• GIVEN DATA:

_ _ _ _ _ _ _

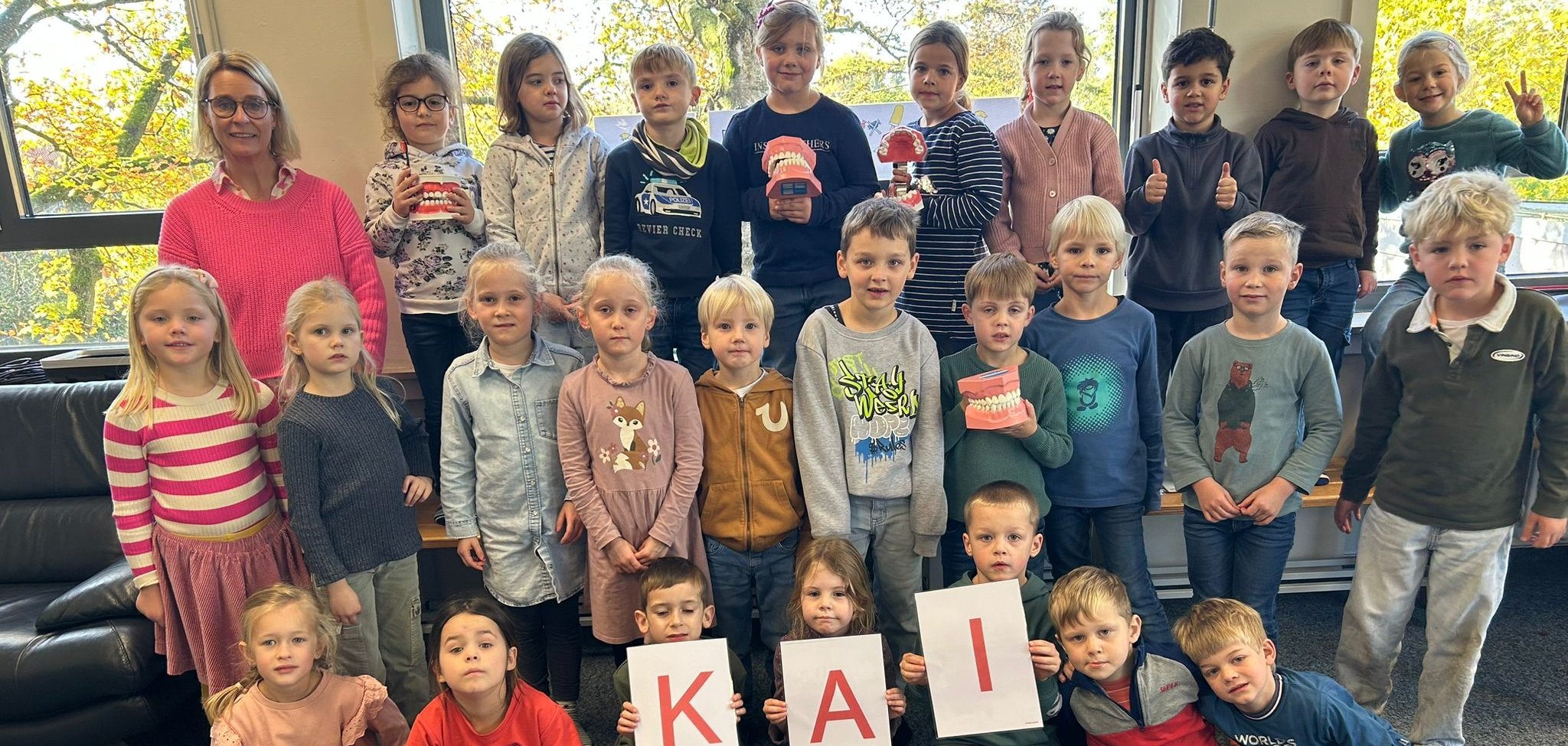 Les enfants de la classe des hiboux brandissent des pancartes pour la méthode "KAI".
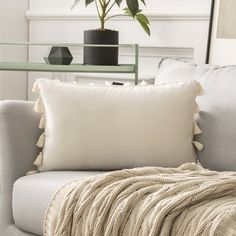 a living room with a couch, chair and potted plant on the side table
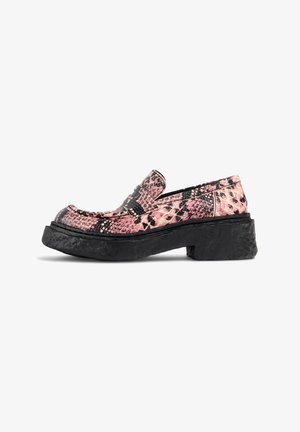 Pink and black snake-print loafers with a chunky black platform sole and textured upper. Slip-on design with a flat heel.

_ _ _ _ _ _ _

• GOAL OF THE EXERCISE:
Your task is to restate word for word the lines from the one containing "a living room" through the last line of the data, both ends included, with no pictures.

• SOLUTION FOR THIS TASK:
 a living room with a couch, chair and potted plant on the side table
 Pink and black snake-print loafers with a chunky black platform sole and textured upper. Slip-on design with a flat heel.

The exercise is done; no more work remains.